More than five decades after the Nigerian Civil War ended in 1970, former Head of State Yakubu Gowon has finally offered his own detailed account of the conflict that permanently reshaped Nigeria. Gowon, who became Nigeria’s leader in 1966 after the counter-coup that followed the assassination of General Aguiyi-Ironsi, presided over the most tragic chapter in the nation’s history—the Biafran War that claimed millions of lives, many of them civilians. Ironically, the same military establishment that elevated him during the crisis later removed him from power in 1975 while he attended an OAU summit in Uganda.

His long-awaited memoir has reopened old wounds and revived unresolved questions about the war, the collapse of the Aburi Accord, and the decades-long collective silence that followed the conflict.

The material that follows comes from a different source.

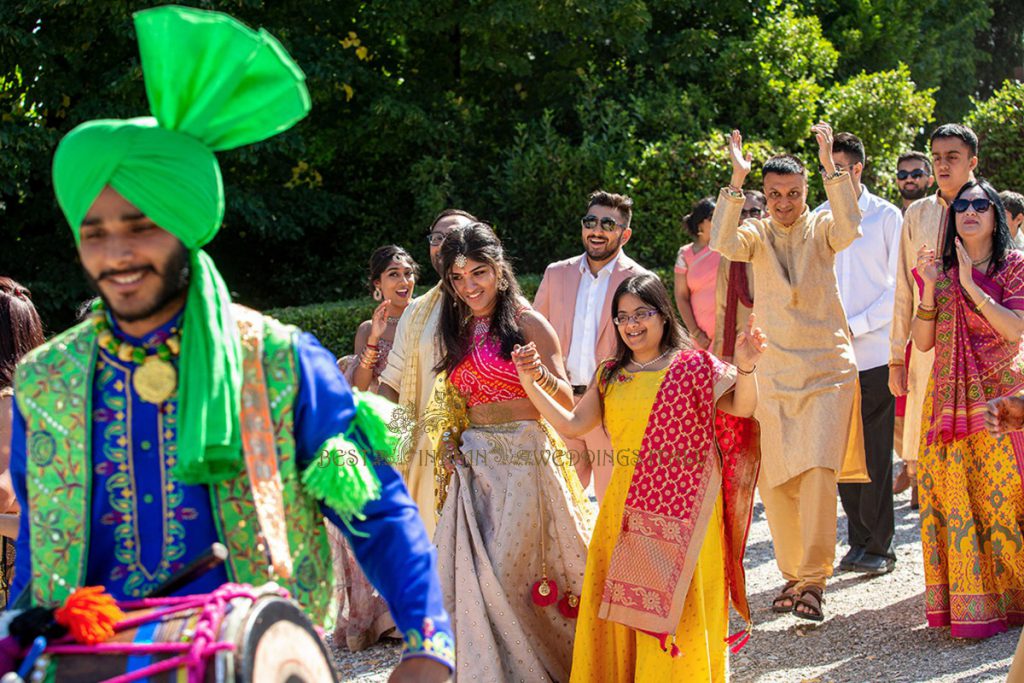 hindu wedding in Tuscany 11 1024x683 - Intimate Hindu wedding in Italy in white and green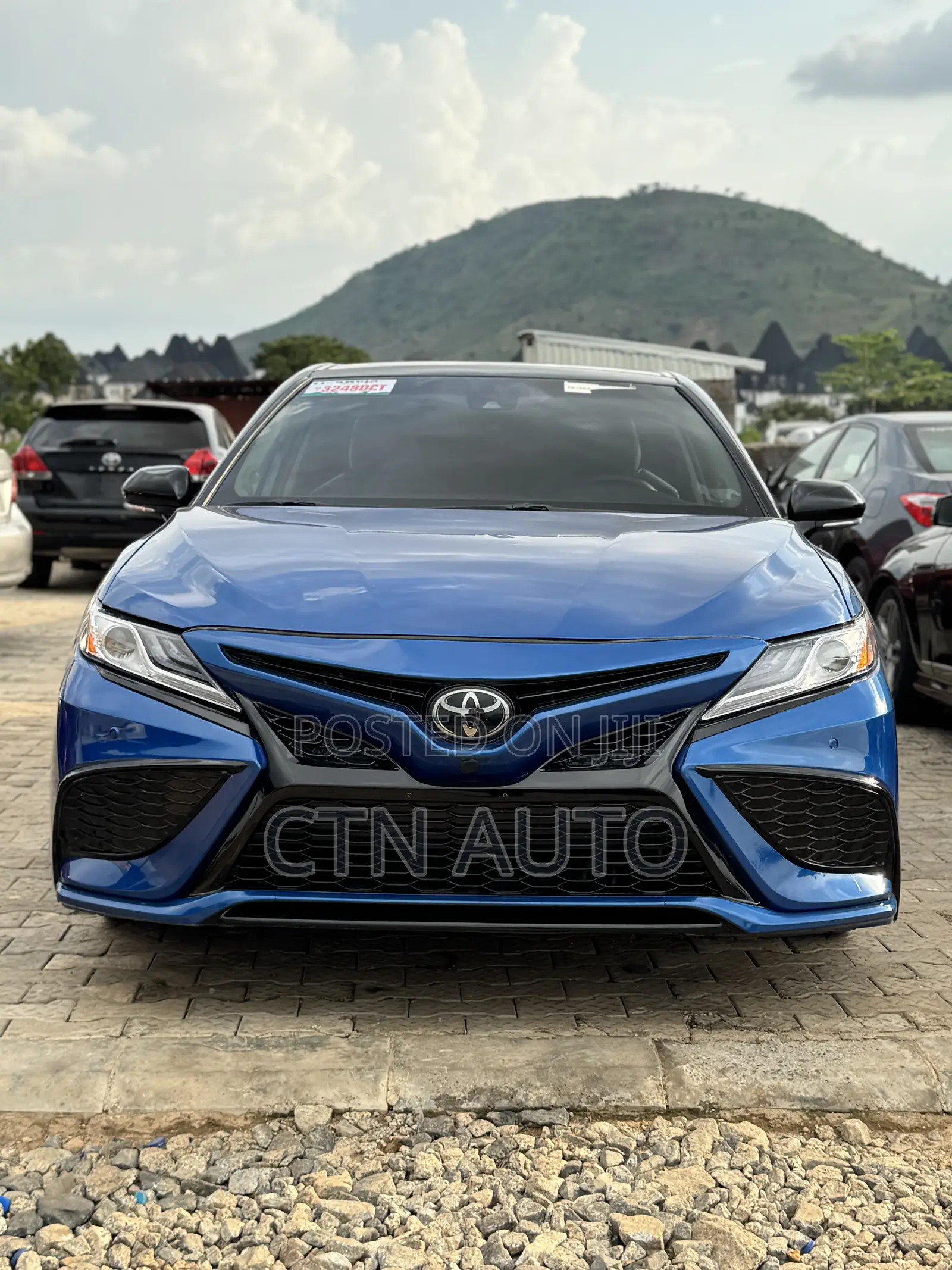 Toyota Camry XSE (2.5L 4cyl 8A) 2019 Blue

The biggest question, however, is this: why now?

Why did Gowon wait more than fifty years after the war to tell his side of the story, especially when nearly all the principal actors are gone? Chukwuemeka Odumegwu Ojukwu published multiple accounts and speeches in defense of Biafra and in criticism of the federal government’s handling of the crisis. Former military leaders and participants also documented their perspectives over the years. Yet Gowon remained largely silent, rarely challenging many of the dominant narratives surrounding the war and the Aburi negotiations.

Now, at a time when history itself has become a battleground, his memoir appears less like a contribution to reconciliation and more like an attempt to reclaim control of a contested national memory.

One of the most controversial areas remains the Aburi Accord of January 1967, held in Ghana to prevent the collapse of Nigeria. The accord was meant to restructure Nigeria into a looser federation and restore trust between the regions. Historical accounts have long suggested that disagreements over interpretation and implementation led to its collapse. Critics argue that Gowon’s government later diluted key provisions through Decree No. 8, effectively undermining the spirit of the agreement.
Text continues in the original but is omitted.